10話 ちゃぷちゃぷしながら

もし、学校の帰り道に突然、黄金の甲冑の巨大ロボットが現れて、


「さあ乗って♪」


と言われたとしても、思惟は断っていたはずだ。

例え黄金の甲冑に、どんなに歴女萌えしたとしても、それは同じだ。


思惟は、そんなに軽い女じゃない (・∀・)キリッ


でも今の状況は・・・

閉鎖された街・・・

疲れすぎた身体・・・

離魂・・・

小さくなった自分・・・

夢の様に美しい妖精の姫さま・・・

黄金の甲冑の巨大ロボット・・・


「・・・・そう・・・これは夢だ!」


思惟は結論づけた。

そう結論づけすると、なんか気分が楽になった。


思惟と姫さまを乗せた武者の手は、ゆっくり上昇して、胸の前で止まり、

胸部コクピットのハッチが開いた。


「さあ、おいで」


妖精の姫さまに言われて、思惟はコックピットの中に入った。


コックピットは、白磁の様な素材で覆われており、操縦桿らしきものも白く、まるで芸術品の様に美しかった。


「ちょっと待っててね、今、面白いもの見せるから」


姫さまは、陶器で出来た椅子に座り、ハッチを閉めた。

2人だけの密室は、客室の内風呂と同じくらいの広さだった。


「行くよ♪」


姫さまが、そう言うと、蛇口ぽい穴から、温水があふれてきた。


「えっえっえっ」

「大丈夫よ。
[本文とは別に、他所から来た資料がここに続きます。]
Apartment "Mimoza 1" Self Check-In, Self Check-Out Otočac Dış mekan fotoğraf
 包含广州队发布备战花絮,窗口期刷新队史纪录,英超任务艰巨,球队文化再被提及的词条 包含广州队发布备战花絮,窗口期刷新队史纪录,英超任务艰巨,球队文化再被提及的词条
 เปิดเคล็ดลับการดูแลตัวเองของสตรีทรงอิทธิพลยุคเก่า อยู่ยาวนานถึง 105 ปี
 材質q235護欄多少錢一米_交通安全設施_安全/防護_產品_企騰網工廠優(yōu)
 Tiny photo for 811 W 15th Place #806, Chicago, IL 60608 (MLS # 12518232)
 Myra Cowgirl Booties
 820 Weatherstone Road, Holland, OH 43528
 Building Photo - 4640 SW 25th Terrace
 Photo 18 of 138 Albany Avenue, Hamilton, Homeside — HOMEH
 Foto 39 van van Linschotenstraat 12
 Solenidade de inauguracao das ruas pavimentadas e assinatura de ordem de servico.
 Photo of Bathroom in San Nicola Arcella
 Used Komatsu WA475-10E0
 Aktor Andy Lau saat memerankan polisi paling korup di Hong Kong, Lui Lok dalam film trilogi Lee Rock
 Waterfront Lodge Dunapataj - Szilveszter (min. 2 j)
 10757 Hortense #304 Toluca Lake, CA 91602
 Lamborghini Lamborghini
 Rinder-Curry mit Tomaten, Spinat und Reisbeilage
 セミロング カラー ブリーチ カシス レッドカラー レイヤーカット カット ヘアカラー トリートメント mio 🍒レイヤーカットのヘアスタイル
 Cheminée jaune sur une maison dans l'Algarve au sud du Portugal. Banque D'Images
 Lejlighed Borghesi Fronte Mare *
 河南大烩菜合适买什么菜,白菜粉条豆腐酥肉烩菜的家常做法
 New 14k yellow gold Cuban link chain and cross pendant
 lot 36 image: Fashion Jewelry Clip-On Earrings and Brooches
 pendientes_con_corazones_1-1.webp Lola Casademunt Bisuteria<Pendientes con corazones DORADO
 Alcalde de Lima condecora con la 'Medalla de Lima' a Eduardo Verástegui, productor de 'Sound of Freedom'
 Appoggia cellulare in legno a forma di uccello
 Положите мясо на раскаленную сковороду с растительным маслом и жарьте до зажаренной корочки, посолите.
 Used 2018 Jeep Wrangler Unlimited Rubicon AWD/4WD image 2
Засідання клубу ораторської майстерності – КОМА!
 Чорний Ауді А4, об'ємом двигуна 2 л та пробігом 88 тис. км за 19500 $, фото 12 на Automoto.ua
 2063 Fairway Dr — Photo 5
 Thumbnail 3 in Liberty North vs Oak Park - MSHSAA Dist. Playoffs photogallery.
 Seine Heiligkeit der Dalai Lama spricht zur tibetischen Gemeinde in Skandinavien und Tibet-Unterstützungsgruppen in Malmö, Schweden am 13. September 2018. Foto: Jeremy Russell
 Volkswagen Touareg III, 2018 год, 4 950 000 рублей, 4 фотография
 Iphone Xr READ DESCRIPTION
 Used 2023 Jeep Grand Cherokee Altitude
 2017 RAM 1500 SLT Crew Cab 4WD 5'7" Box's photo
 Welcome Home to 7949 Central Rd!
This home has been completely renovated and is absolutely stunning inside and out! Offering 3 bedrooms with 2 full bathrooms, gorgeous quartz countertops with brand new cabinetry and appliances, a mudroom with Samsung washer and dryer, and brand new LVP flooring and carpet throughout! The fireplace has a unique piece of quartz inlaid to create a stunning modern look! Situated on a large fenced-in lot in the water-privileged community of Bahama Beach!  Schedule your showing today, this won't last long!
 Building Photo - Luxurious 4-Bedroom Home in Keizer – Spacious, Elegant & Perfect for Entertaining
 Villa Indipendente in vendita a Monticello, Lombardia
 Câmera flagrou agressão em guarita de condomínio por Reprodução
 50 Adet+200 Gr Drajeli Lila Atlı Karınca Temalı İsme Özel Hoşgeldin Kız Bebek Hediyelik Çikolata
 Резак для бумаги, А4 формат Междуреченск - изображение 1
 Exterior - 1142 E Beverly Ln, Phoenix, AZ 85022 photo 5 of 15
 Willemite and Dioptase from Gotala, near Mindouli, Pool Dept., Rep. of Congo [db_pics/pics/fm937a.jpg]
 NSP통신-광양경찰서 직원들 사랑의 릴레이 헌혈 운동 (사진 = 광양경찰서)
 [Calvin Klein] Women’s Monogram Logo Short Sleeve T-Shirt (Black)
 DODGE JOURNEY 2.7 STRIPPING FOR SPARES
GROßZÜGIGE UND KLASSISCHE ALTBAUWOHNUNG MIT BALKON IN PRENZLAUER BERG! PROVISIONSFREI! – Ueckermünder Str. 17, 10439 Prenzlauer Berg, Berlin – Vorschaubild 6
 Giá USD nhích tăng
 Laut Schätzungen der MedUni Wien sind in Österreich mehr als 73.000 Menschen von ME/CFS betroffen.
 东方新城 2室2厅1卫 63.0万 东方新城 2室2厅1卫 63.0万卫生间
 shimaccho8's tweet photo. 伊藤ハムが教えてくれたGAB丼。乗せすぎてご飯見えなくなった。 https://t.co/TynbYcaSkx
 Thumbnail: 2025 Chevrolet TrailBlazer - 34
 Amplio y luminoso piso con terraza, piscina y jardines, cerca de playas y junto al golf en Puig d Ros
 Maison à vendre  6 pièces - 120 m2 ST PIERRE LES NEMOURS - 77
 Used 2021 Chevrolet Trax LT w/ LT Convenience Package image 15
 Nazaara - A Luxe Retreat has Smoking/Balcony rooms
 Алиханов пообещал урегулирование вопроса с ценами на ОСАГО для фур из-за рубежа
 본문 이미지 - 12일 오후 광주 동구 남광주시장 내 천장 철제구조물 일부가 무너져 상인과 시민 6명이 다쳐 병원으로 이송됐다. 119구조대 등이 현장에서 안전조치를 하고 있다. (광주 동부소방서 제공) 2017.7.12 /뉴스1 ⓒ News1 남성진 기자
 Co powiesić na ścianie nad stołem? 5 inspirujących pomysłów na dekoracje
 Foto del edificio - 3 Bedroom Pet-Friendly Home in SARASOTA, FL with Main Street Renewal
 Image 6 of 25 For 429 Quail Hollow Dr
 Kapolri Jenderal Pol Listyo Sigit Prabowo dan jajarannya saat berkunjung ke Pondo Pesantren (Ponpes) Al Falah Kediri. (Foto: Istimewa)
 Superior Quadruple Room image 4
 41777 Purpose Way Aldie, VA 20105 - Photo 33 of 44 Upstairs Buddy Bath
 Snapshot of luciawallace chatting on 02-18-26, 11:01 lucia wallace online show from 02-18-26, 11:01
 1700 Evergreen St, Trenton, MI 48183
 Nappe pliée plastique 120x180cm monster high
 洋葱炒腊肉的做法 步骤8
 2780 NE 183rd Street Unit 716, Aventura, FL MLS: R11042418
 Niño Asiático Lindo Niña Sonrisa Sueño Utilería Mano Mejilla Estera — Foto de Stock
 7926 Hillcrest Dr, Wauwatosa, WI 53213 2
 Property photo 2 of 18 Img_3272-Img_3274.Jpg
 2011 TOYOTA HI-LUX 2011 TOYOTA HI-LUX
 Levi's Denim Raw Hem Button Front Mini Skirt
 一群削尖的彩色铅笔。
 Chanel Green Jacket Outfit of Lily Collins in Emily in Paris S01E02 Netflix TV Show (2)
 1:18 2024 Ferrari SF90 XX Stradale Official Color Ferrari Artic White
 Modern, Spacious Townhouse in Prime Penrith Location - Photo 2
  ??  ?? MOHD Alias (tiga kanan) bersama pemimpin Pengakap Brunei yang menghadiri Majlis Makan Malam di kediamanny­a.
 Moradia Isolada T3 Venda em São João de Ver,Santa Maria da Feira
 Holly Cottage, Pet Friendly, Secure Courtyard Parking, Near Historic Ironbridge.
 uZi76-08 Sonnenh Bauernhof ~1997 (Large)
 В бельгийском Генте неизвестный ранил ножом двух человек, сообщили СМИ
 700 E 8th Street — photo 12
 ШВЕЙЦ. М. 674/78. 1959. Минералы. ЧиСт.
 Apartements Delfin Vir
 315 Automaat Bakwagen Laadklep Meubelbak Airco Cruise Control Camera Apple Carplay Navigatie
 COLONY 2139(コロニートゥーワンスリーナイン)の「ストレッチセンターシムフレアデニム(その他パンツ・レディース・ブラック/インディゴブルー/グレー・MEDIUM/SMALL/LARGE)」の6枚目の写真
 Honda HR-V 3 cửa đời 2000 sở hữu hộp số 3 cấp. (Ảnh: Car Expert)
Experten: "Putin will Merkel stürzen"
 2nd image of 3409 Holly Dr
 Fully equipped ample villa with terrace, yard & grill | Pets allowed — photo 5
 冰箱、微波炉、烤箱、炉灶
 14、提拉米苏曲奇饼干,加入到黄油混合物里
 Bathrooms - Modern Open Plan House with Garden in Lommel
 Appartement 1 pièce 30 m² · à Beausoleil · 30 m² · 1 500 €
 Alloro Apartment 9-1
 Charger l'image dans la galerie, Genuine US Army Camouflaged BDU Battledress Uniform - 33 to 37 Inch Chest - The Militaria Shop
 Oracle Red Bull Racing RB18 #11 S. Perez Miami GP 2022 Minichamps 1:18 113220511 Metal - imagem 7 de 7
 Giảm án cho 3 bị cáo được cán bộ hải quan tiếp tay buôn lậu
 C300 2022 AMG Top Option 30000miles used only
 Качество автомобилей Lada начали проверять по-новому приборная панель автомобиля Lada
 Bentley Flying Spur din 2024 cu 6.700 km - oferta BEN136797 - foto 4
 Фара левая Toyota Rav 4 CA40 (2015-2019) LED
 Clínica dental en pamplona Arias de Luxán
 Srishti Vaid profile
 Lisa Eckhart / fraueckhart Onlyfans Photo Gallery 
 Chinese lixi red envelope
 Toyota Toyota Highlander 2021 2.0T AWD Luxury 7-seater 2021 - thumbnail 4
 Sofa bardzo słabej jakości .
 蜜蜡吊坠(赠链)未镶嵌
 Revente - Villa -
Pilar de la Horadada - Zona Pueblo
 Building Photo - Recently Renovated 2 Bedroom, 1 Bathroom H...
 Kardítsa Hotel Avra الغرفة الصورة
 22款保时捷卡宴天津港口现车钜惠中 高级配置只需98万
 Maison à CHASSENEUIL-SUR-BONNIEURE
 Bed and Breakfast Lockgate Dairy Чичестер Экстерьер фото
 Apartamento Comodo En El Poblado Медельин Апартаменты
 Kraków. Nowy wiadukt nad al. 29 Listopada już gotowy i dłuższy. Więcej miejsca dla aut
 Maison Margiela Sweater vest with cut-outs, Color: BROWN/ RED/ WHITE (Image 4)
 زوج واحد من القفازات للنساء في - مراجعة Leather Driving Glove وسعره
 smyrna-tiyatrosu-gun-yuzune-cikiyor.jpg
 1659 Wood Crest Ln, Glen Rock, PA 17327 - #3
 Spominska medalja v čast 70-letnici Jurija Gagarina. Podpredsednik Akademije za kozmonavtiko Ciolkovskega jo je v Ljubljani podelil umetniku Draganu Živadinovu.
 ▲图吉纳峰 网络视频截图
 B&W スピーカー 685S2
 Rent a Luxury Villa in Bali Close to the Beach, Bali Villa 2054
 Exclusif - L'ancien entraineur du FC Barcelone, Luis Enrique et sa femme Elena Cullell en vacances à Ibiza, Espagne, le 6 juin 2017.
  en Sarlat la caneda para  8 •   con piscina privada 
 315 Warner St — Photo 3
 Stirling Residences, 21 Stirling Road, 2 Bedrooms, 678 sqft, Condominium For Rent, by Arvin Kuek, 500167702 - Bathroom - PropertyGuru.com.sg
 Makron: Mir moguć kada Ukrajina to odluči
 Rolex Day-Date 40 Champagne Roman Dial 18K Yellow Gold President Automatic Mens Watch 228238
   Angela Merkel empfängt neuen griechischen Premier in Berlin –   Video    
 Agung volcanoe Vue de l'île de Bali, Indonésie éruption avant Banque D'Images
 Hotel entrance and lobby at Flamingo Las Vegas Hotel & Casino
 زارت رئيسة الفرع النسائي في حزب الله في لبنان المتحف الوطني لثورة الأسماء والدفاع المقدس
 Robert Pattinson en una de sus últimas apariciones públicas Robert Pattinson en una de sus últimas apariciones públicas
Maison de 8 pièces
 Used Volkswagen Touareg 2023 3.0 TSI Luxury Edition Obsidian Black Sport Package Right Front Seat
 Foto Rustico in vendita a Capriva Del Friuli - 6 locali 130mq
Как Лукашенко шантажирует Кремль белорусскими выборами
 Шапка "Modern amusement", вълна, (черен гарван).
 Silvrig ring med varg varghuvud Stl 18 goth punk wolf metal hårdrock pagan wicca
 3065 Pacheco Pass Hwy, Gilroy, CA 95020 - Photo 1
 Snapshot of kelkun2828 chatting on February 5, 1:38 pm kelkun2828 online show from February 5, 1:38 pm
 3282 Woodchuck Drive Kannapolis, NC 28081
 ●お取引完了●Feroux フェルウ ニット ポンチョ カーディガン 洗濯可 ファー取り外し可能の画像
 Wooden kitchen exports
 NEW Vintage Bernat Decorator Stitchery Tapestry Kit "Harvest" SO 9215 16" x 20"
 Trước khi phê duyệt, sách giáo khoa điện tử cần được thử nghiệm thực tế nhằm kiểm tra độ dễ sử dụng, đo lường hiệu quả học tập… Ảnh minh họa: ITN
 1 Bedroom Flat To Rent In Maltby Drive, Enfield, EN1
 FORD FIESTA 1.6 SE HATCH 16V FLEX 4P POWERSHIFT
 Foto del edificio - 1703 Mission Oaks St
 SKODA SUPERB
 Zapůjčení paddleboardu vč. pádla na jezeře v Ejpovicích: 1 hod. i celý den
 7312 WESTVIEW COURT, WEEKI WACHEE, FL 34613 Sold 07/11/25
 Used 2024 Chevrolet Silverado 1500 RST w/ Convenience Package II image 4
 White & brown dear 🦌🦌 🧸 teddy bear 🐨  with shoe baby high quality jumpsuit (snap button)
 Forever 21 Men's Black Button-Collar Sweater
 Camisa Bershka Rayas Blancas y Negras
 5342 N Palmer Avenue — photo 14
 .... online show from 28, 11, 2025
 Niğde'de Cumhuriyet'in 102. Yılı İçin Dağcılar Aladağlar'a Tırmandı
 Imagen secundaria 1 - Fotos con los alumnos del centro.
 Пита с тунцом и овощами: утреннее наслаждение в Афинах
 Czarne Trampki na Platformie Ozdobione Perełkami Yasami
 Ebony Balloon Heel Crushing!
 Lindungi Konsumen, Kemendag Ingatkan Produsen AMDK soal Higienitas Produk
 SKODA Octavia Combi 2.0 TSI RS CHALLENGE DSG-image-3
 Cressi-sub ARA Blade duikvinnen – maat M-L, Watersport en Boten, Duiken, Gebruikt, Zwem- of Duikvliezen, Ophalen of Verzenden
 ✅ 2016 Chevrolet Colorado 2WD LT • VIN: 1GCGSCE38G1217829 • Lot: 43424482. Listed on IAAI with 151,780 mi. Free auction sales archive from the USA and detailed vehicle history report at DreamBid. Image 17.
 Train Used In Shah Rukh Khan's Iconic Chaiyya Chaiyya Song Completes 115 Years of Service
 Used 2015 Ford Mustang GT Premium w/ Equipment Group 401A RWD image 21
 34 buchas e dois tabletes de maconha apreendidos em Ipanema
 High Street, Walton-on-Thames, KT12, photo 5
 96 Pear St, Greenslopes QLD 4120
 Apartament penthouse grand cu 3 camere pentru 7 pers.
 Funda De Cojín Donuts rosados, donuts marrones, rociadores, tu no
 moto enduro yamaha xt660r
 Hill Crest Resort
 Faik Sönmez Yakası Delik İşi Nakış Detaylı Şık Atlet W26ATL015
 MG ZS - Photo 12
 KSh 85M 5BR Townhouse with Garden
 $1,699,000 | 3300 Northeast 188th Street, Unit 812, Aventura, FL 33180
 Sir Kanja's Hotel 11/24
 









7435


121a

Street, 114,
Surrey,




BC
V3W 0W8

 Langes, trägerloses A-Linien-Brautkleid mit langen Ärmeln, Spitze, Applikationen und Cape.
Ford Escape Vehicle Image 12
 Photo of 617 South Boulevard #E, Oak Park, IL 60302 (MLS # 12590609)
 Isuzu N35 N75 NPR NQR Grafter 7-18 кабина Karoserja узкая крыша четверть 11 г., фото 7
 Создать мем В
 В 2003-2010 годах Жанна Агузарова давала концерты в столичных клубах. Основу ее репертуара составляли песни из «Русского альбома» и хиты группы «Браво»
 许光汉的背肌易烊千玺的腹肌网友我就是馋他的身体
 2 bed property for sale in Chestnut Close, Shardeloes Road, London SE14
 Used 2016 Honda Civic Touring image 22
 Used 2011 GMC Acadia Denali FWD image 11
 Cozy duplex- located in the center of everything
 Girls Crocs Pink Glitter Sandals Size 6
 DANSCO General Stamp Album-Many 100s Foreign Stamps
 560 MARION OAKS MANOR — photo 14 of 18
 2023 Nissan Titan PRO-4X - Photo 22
あたし専用の温泉付きコックピット♪」

「えー!」

「だってほら、操縦中に温泉に入りたくなったりするじゃん、だからメカニックに頼んで付けてもらったの♪温泉好きには必須だよね。

温泉付きコックピットって」


なんて我儘な姫さまだ!

操縦中くらい我慢しなよ!


「ちゃぷちゃぷしながら、戦闘指揮が出来るのよ」

「ん?」


ちゃぷちゃぷ・・・・は良いとして、戦闘指揮って何だろう?


「戦闘指揮って?戦闘するの?」

「ん?」


姫さまは首をかしげた。

その仕草は、可愛かったが・・・それはそれ!


「戦闘って、誰かと戦ってるんですか?」

「誰かって・・・とりあえず温泉に浸かって・・・気持ちいいよ」


姫さまに言われて、思惟は浴室と化したコックピットに腰を降ろした。

乳白色のお湯は、ちょうど良い湯量になると止まった。

お肌に優しいしっとりとした泉質だった。

乳白色に染まるんじゃないかと思うほど、お湯が肌に沁みこんできた。


「これは、絶対お肌すべすべになる!」と、思惟は心の中だけで、歓喜した。


でも今は魂だけの存在。

あの大きな方の思惟のお肌には関係ないかも(溜息)

いやいや、今はそんな事を考えている場合じゃない!


思惟は心を引き締めた。


姫さまは真剣表情で思惟を見つめた。